愁喉欲斮仍無著,春腳忘疲又卻回
流水東西思不已,逝波晝夜老相催
夢魂長逐漫漫絮,身骨終拚寸寸灰
底事司勳甘刻意,此心忍死最堪哀。
在原詩裏,錢先生給第一句加上了一個注解:薛浪語春愁詩,“欲將此劍斮愁斷,昏迷不見愁之喉”。說明了他引用的“愁喉欲斮(音拙)”的出處是來自於薛浪語的《春愁詩》。結果這個“薛浪語”卻讓我一頓好找啊。翻了很多網頁才搞清楚薛大人的來曆。薛季宣,南宋永嘉人,字士龍,號艮齋,別號常州,有詩集《浪語集》,因此錢先生在注解裏稱呼他“薛浪語”。這稱呼對於錢先生來講隻是些微的婉轉,可憐我對宋史一無所知,能找到這個名字,真該給百度燒紙了。“愁有喉”,是把愁擬人化了。就如同揚雄《逐貧賦》裏的“貧兒”一樣。太白也曾高聲吟唱:舉杯消愁愁更愁。那說的是消掉自己的愁。而錢先生想殺掉這個追隨之“愁”卻發現無從下手。
第二句應該是講春去春又回,我想不出更好的解釋。“春腳”是指春天的腳步,春天的時日。那麽聯係到第一句,錢先生是在愁悶中度過了一個寒冬,或是一年的光景。甚至再一次的春回大地,在詩人眼中也隻是看到它在前一年裏匆匆離去的疲憊身影。

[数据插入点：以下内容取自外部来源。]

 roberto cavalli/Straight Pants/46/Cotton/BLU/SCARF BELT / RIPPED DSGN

頷聯的兩句是在感慨時光的流逝,年華的老去(又提到年華一次)。流水和逝波都是用來形容時間的流逝,子在川上曰:逝者如斯夫。
頸聯的兩句在做深一層的感懷。“夢魂”是睡夢中遊離於身體之外遊離於現實之外的魂魄,在睡夢中詩人的魂魄在交錯的時空裏追逐著飄散掉的自我(自我就是隨風飄散的濛濛飛絮)。“身骨”一句是說自己終將逝去的身體,而且這種逝去會像是香燭一樣一點點一段段的燃掉。這一句也是照應了第二首無題的最後一句:成骨成灰恐未休。簡直是情緒壓抑到了極點。

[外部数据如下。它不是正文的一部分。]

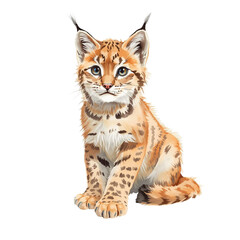 Fototapeta premium Watercolor illustration of a young lynx isolated on a white background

尾聯動用了李商隱《杜司勳》的典故。《杜司勳》是李商隱寫給杜牧的致敬,說致敬也不準確,更像是惺惺相惜的一種評價,天才之間的相互欣賞。盡管現實中李商隱並未得到杜牧的回應,而且兩人也無任何的交集,但這一首詩所體現出的知己情懷無疑問是晚唐雙子星之間的最為亮麗的碰撞。這也是我很喜歡的一首詩。再流傳一遍:
《杜司勳》唐·李商隱
高樓風雨感斯文,短翼差池不及群
刻意傷春複傷別,人間惟有杜司勳。
相對李商隱其他的詩句,這一首詩比較直白,理解起來並不難。一個“不和群”的人偏偏又要掙紮在群裏,為了在體製中勉強立身,不敢直抒胸臆,隻能曲言婉轉傷春傷別。在李商隱的眼裏的杜牧就是這樣的?真的是這樣嗎?世界上蠅營狗苟的人多了去了,為了一個位置,一個飯碗,(當然了有的人是為了一百多個,一萬多個飯碗,但這有什麽區別呢?)找出一千個理由原諒自己的虛偽與懦弱,不惜編出一套完美的理論來說服別人原諒自己,或是為了原諒自己而假裝原諒別人。杜牧是這樣的嗎?李商隱沒有直接給出答案,隻是心疼的大喊:人間唯有杜司勳。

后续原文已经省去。